The records
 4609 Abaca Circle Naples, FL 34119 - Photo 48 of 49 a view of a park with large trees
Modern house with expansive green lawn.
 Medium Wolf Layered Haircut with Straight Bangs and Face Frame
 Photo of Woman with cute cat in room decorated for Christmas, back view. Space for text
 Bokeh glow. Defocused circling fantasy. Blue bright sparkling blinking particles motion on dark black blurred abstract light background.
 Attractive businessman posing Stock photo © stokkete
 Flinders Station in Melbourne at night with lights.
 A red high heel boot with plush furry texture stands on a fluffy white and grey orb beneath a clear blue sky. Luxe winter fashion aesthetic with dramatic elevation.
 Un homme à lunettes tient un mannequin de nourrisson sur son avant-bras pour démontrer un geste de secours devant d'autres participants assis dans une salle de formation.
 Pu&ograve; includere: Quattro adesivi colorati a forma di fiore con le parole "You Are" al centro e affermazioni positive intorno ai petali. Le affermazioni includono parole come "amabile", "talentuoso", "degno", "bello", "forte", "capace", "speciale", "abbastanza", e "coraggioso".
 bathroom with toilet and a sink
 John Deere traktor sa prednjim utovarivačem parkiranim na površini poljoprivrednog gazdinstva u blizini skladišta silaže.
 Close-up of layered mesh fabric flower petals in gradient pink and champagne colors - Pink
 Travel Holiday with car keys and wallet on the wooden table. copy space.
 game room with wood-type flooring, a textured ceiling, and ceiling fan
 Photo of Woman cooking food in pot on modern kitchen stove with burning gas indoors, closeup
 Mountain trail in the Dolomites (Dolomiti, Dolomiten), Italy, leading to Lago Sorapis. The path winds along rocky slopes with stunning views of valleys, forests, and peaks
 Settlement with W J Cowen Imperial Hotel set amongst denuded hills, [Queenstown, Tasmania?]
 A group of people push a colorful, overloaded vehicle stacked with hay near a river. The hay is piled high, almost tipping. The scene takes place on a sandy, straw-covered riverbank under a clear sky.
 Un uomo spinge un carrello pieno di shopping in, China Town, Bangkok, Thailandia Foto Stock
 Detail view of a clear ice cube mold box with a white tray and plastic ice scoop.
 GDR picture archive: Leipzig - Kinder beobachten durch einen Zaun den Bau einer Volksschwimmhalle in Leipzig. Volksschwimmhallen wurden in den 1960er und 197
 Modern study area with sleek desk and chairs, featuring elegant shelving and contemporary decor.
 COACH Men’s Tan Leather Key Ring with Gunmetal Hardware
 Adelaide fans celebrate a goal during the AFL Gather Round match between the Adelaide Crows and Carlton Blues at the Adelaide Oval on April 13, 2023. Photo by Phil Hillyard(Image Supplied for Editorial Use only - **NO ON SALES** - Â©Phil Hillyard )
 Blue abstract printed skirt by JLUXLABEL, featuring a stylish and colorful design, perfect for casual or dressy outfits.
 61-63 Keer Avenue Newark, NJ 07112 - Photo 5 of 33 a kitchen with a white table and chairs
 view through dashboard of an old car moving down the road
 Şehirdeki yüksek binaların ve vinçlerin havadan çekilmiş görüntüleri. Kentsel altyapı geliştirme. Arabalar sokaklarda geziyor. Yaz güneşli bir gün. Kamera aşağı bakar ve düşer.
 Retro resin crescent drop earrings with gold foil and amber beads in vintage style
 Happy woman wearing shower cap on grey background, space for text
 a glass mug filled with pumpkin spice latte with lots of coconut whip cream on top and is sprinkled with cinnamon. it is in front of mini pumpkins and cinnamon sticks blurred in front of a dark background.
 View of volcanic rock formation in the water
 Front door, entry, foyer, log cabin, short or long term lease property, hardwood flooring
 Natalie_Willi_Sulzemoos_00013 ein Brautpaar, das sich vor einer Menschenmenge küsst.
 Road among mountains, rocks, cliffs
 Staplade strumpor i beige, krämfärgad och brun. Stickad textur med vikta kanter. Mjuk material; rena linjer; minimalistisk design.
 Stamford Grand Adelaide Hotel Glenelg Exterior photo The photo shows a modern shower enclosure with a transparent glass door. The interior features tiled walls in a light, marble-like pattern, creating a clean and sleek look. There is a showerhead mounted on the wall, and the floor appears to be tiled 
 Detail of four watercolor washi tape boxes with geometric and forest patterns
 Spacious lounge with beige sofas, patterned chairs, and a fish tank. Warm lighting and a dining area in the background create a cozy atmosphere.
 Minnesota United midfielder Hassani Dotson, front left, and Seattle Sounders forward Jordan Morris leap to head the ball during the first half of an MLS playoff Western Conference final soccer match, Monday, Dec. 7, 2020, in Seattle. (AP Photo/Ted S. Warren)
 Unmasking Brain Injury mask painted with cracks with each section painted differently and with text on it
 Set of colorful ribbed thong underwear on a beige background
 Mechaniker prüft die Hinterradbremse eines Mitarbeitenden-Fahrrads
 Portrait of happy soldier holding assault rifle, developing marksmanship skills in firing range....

Exercise objective
Send back exactly the lines of the listing above starting at the one with "Detail of four" and ending at the one with "Mechaniker prüft die", inclusive, and no others.

Completed task
 Detail of four watercolor washi tape boxes with geometric and forest patterns
 Spacious lounge with beige sofas, patterned chairs, and a fish tank. Warm lighting and a dining area in the background create a cozy atmosphere.
 Minnesota United midfielder Hassani Dotson, front left, and Seattle Sounders forward Jordan Morris leap to head the ball during the first half of an MLS playoff Western Conference final soccer match, Monday, Dec. 7, 2020, in Seattle. (AP Photo/Ted S. Warren)
 Unmasking Brain Injury mask painted with cracks with each section painted differently and with text on it
 Set of colorful ribbed thong underwear on a beige background
 Mechaniker prüft die Hinterradbremse eines Mitarbeitenden-Fahrrads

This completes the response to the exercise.